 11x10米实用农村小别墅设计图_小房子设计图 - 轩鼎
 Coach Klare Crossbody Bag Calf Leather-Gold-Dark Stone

########

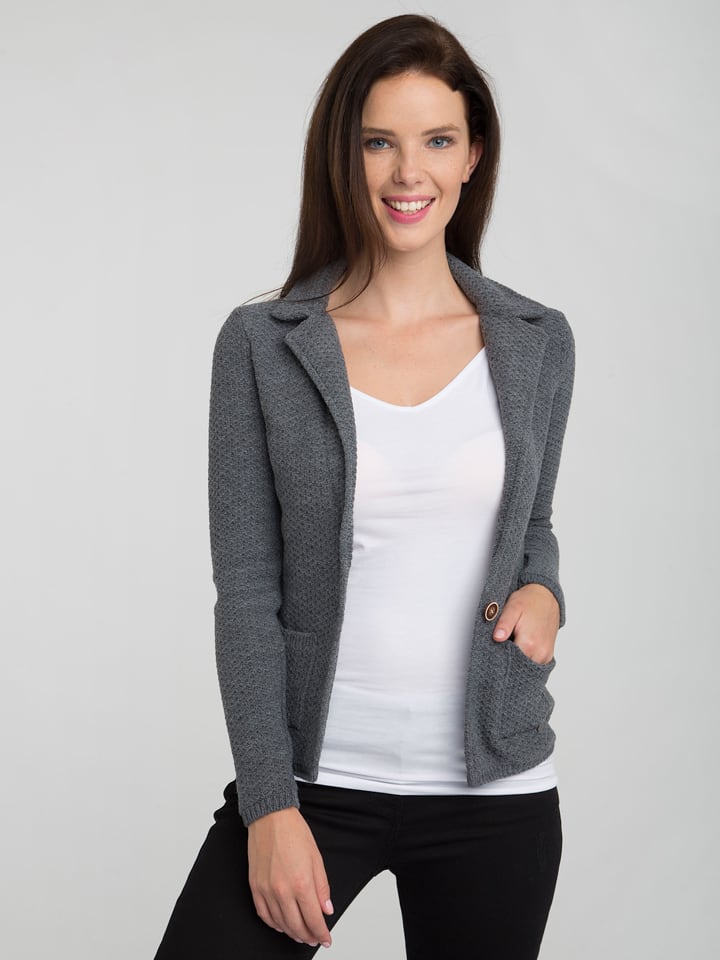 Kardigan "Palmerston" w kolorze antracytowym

########

Print only what lies in the material above starting at the line with "11x10米实用农村小别墅设计图_小房子设计图 - 轩鼎" and ending at the line with "Coach Klare Crossbody", every line exactly as given.

 11x10米实用农村小别墅设计图_小房子设计图 - 轩鼎
 Coach Klare Crossbody Bag Calf Leather-Gold-Dark Stone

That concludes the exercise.